(Directions): Please make an exact copy of the lines from the one holding "Kings of Psychedelta" through the end of the data, both ends included, with no pictures.

(Listed records):
********************

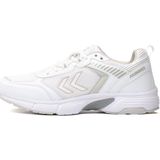 Hummel 900362-9001 Beyaz Unisex Sneaker Ayakkabı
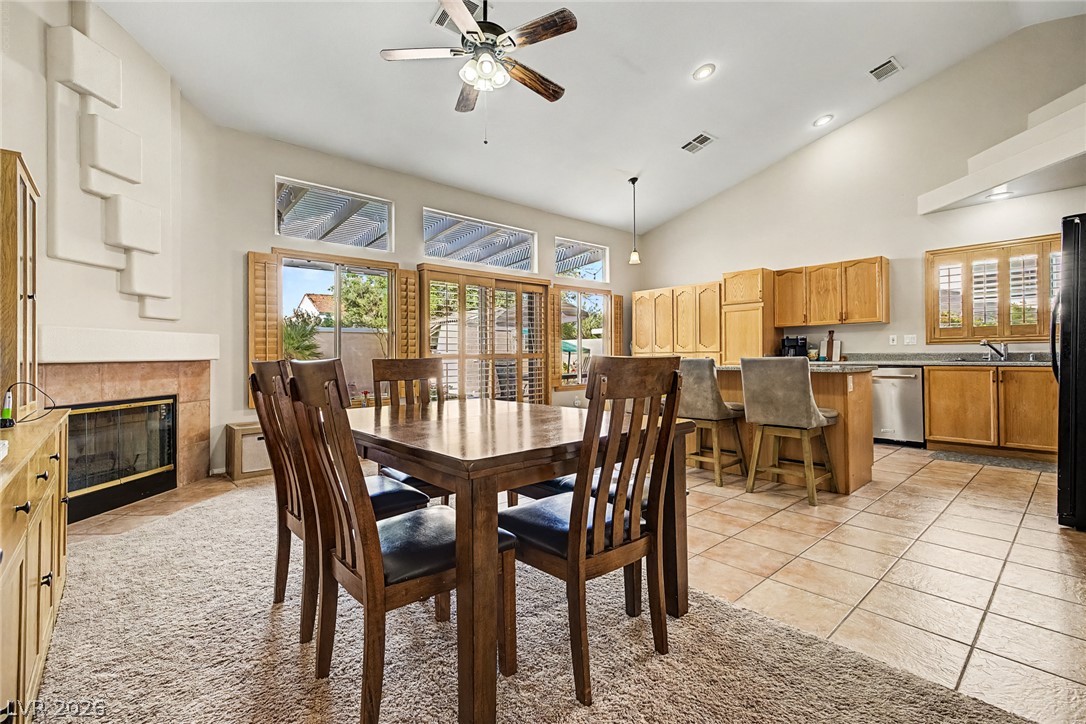 7632 Twisted Pine Avenue Las Vegas NV 89131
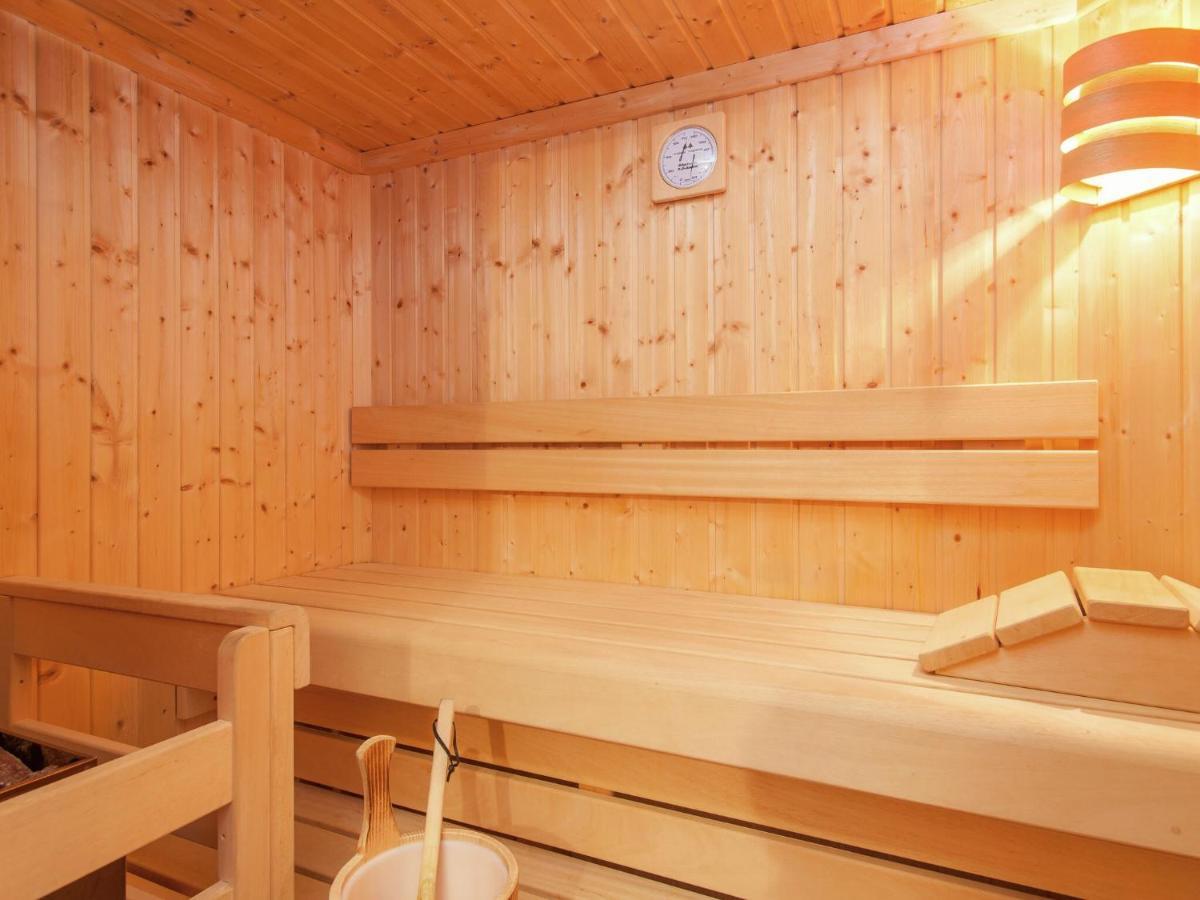 فيلا Chalet In St Margarethen With Sauna Near Ski Area سانكت مارغارثين إم يونغاو المظهر الخارجي الصورة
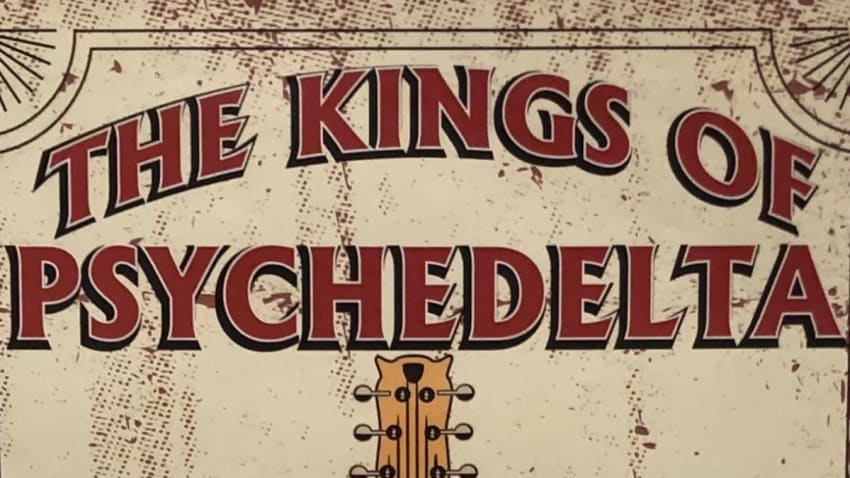 Kings of Psychedelta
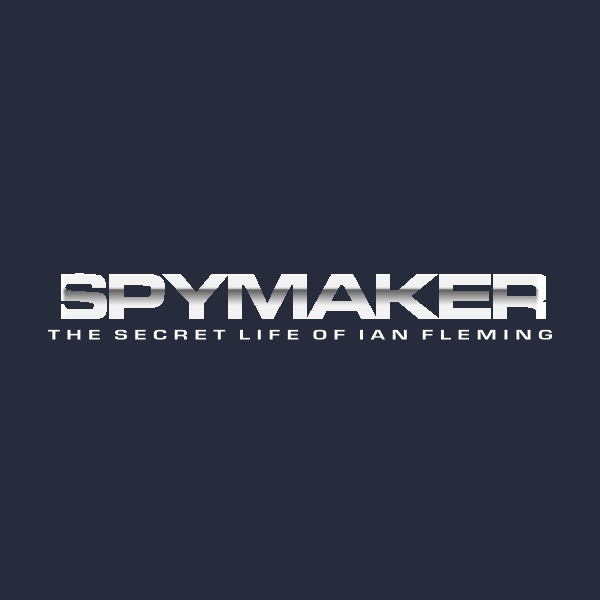 spymaker ,Logo , icon , SVG spymaker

********************

(Answer below):
 Kings of Psychedelta
 spymaker ,Logo , icon , SVG spymaker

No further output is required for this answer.